Last Updated: 29 May 2019

IN THE COURT OF APPEAL OF NEW ZEALAND

I TE KŌTI PĪRA O AOTEAROA
CA470/2018
[2019] NZCA 171



BETWEEN

GLEN ALAN KIDDELL
Appellant


AND

CHIEF EXECUTIVE OF THE DEPARTMENT OF CORRECTIONS
Respondent

Hearing:

10 April 2019

Court:

Miller, Collins and Toogood JJ

Counsel:

L M Herbke for Appellant
RMA McCoubrey and S Navot for Respondent

Judgment:

20 May 2019 at 11.00 am


JUDGMENT OF THE COURT

  1. Appeal allowed in part.
  2. The extended supervision order is reduced from 10 years to five years.

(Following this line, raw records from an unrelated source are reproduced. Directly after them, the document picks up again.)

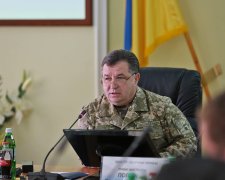 Полторак представив нового главу Генштабу ЗСУ: що про нього відомо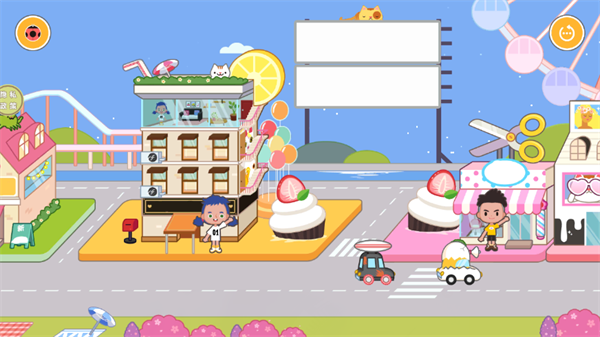 开心的小镇游戏 开心的小镇游戏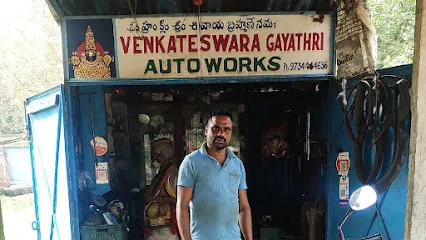 Venkateswara gayathri auto works bike repair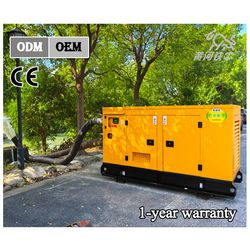 Silent Type High Pressure Diesel Dewatering Pump for Construction & Mining Sites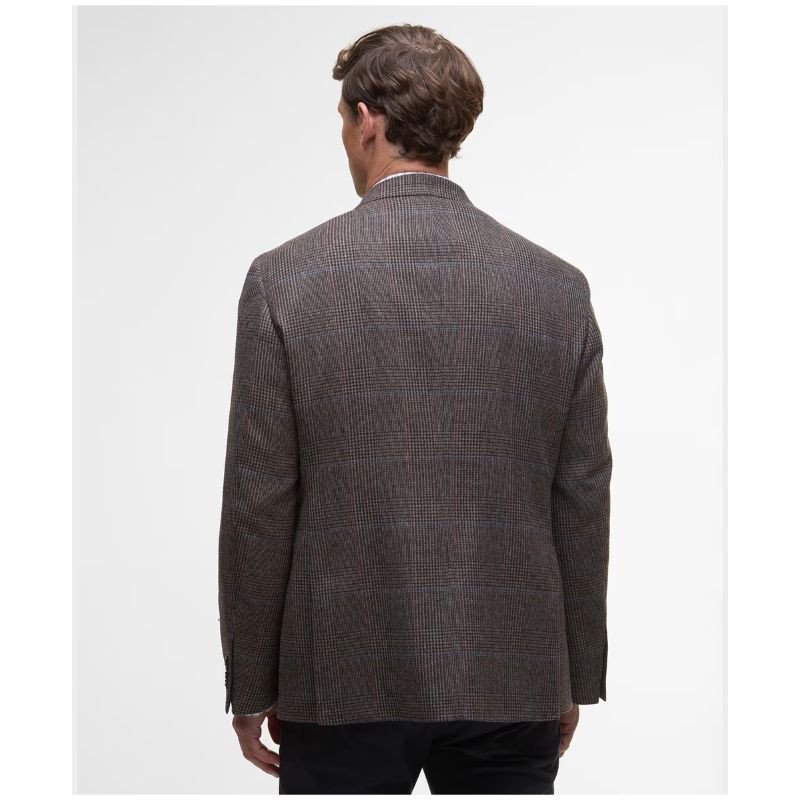 Blazer Maxfield Country Check Barbour
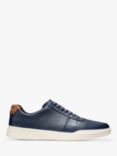Cole Haan Grand Crosscourt Modern Perforated Leather Tennis Trainers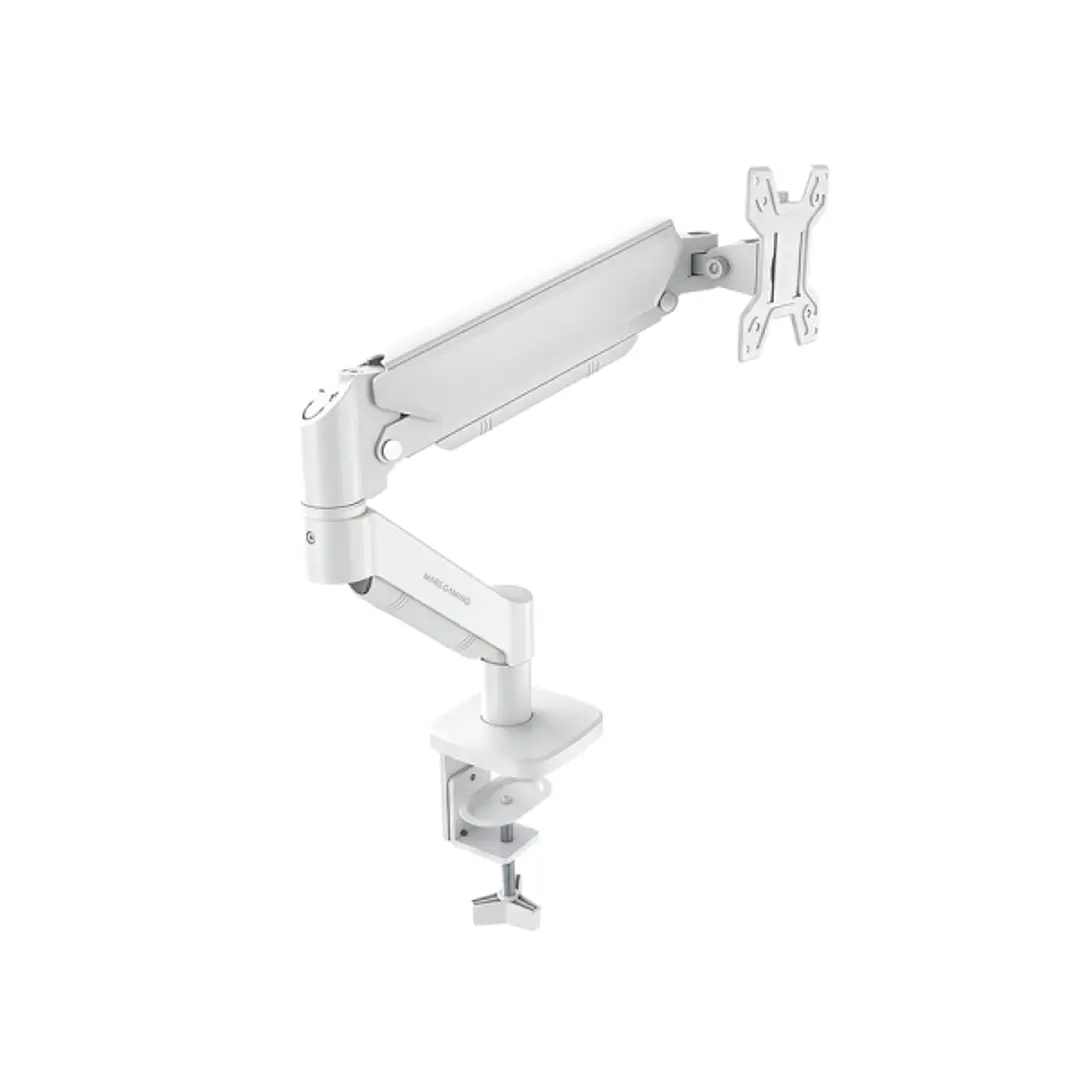 Mars Gaming MARMPRO1 Soporte de Mesa con Brazo Articulado para Monitores hasta 32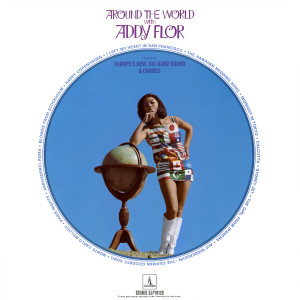 收聽Addy Flor & His Orchestra的The Girl from Ipanema歌詞歌曲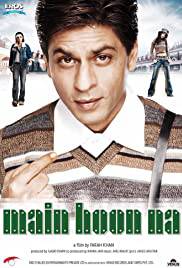MAIN HOON NA Poster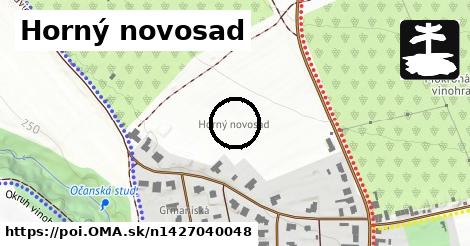 Horný novosad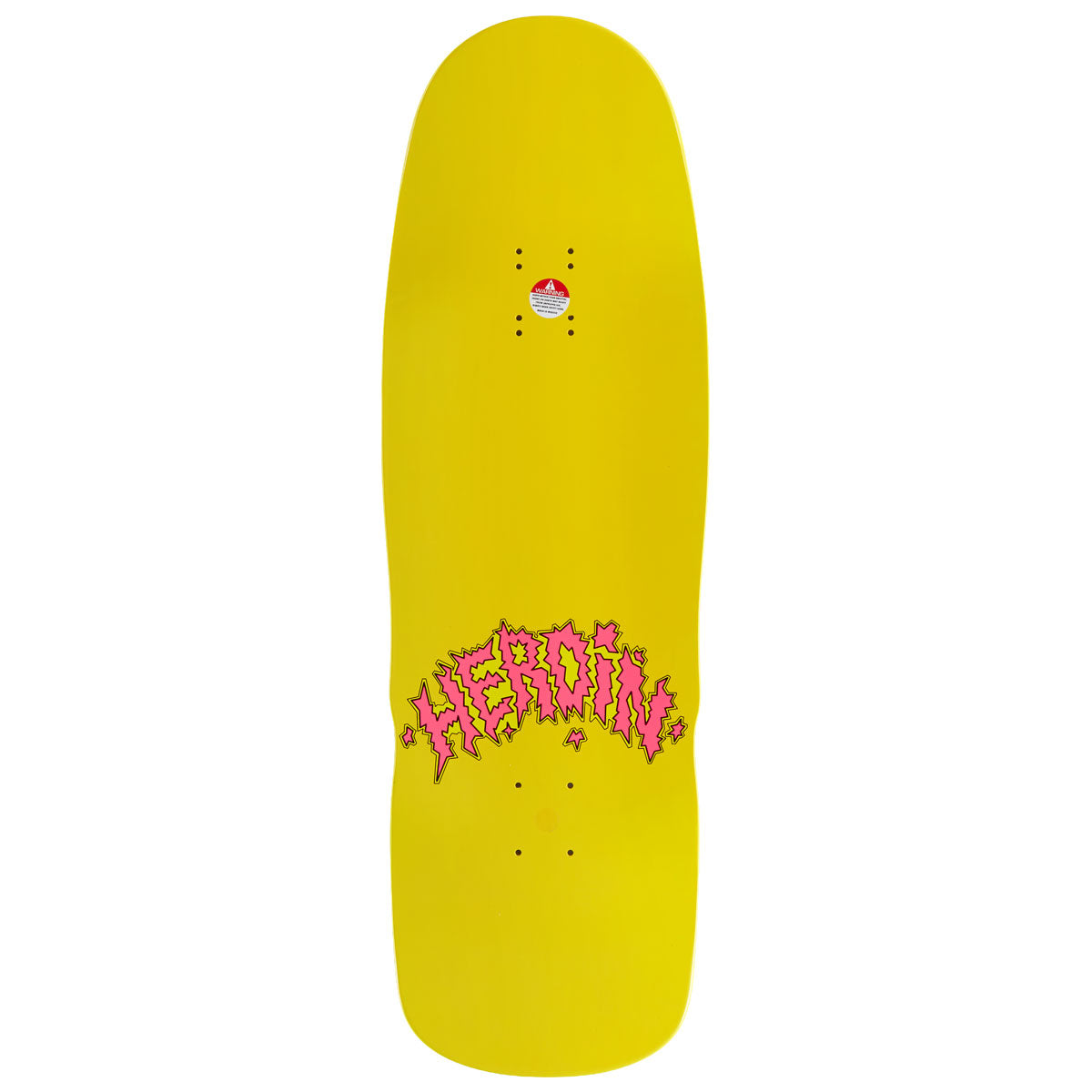 Heroin Dead Dave Trainlines Skateboard Complete - 10.125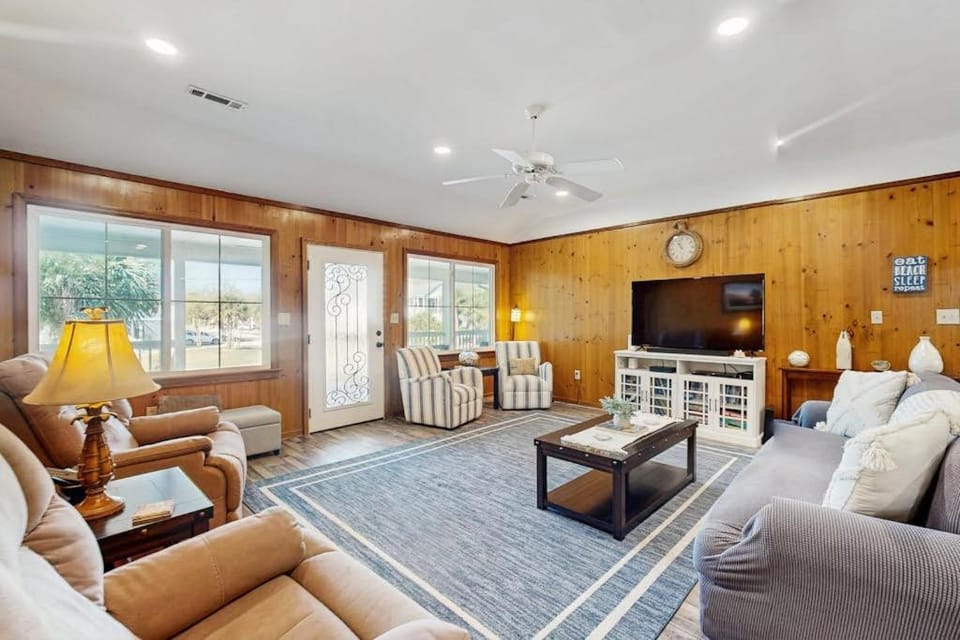 Feeling Tip'Sea House in Edisto Beach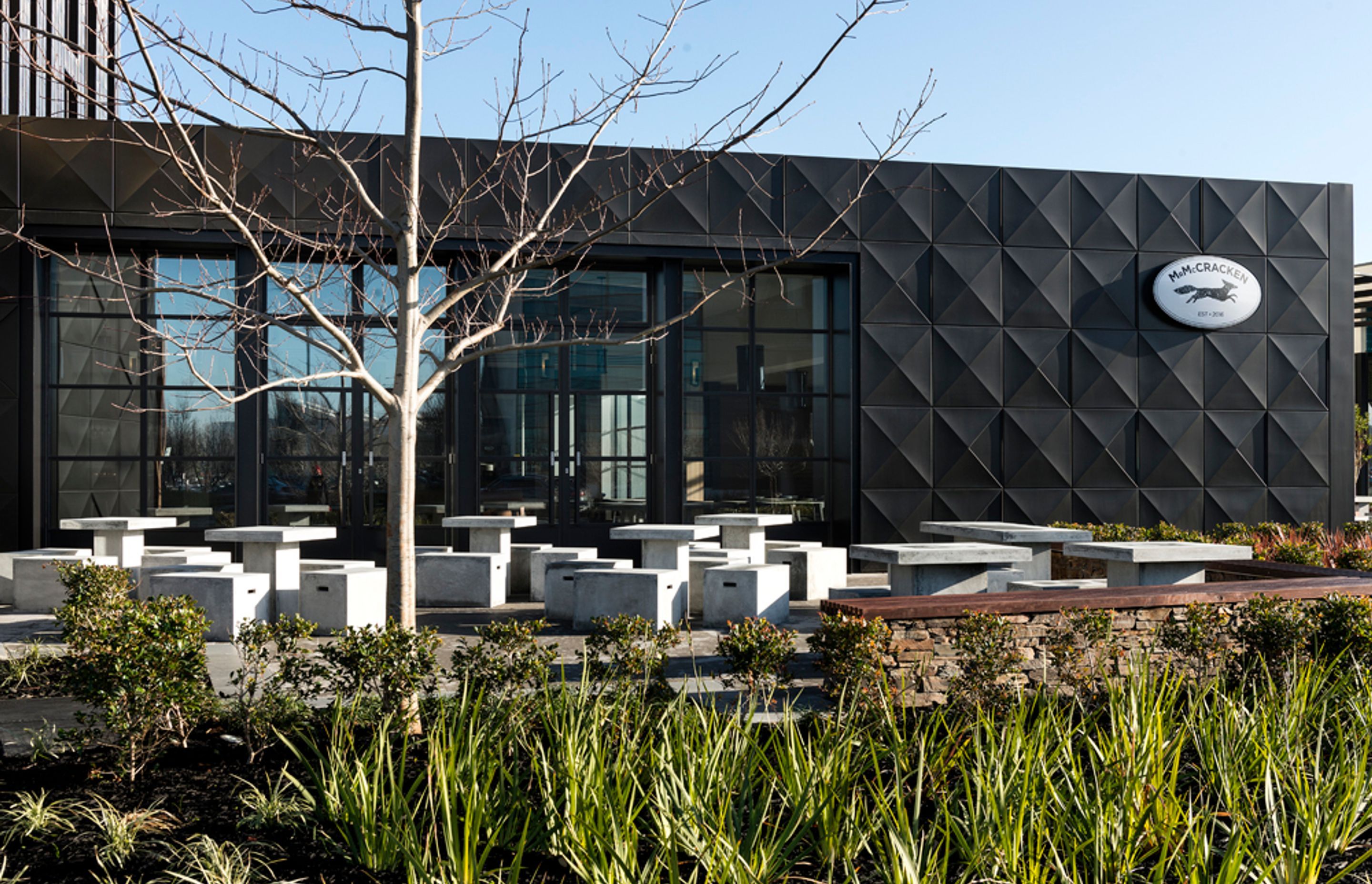 ##Hyatt Hotel, Essendon Fields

____________________________________________________________________

REASONS OF THE COURT

(Given by Miller J)

[1] Mr Kiddell appeals[1] against an extended supervision order imposed on him under s 107I of the Parole Act 2002.[2]
[2] The criteria for an order are that the appellant has or has had a pervasive pattern of serious sexual or violent offending and presents a high risk of committing a relevant offence in future.[3] Mr Kiddell advances two claims:

Mr Kiddell’s history of sexual offending

[3] The account that follows is based on Mr Kiddell’s convictions in New Zealand and Australia, summaries of fact in relation to them and his own self-report. We note that he denies or minimises almost all of the offending.
[4] Mr Kiddell was convicted of obscene exposure in 1978. No summary of facts is available. His account was that a neighbour had seen him naked when walking around inside his parents’ house.
[5] In 1986, 1989 and 1990 Mr Kiddell was three times convicted in Australia for wilful exposure. His account is that he was swimming naked because he was part of a nudist community at the time.
[6] In 2011 Mr Kiddell was convicted in New Zealand for doing an indecent act in a public place. He was found guilty at trial. The Crown alleged that he undressed on a hillside by a beach where a teenage girl was swimming and masturbated while looking at her. He fled to Australia before sentencing.
[7] In 2015 he was convicted in Australia of committing an indecent act with a person under 10 years of age, who was known to him. He exposed his penis to a nineyear old girl in a swimming pool and masturbated. He asked her to touch his penis and referred to his ejaculate as “cream” which “little girls like to eat”. He grabbed the girl when she tried to swim away but released her. He asked her not to tell anyone. For this offending he served eight months’ imprisonment and was then deported to New Zealand where he was sentenced to intensive supervision and community work for the 2011 offence.
[8] In 2016 Mr Kiddell was convicted of indecent communication with a young person. He sent photos of his exposed penis to what he thought was a 13-year old girl in the Philippines. He described sexual activity he intended to have with her and claimed to have taught many young girls to have sex. The person he was communicating with was in fact a police officer. The police found 138 images and 14 video files of an objectionable nature on his computer. They included sexual activity between adults and children. He also pleaded guilty to possessing objectionable material. This offending earned him a sentence of two years’ imprisonment.
[9] Mr Kiddell’s history includes a number of other incidents, all occurring in Australia, that did not result in convictions. In 2000 he was reportedly seen masturbating on a hotel balcony in view of schoolchildren. In 2013 he was allegedly seen masturbating in bushes at a beach, in view of the complainant. He was charged with indecency but no conviction resulted. In 2015 his god-daughter complained to police that he had sexually assaulted her on four occasions in 2008−2009, when she was aged 8 or 9. The allegation was that he touched her vagina and asked her to touch him. A police report records that he was charged with aggravated indecent assault, but no convictions resulted.
[10] Mr Kiddell was born in 1957. It will be seen from his conviction history that he has continued to offend frequently at a relatively late stage in life.

The ESO application

[11] The ESO application was brought on 6 November 2017. It is not in dispute that Mr Kiddell was eligible, in that he was subject to release conditions associated with a sentence for a relevant offence (being his 2016 convictions).[4]
[12] The application was accompanied by a health assessor’s report written by Ms Sheila Ayala, a Corrections psychologist. Mr Kiddell commissioned his own report from Dr Annabel Clarke, a registered clinical psychologist. Their reports addressed the questions whether Mr Kiddell exhibited traits or behavioural characteristics listed in s 107IAA(1) and whether there is a high risk that he will in future commit a relevant sexual offence. Both experts gave oral evidence before Judge Gibson at the hearing on 9 May 2018.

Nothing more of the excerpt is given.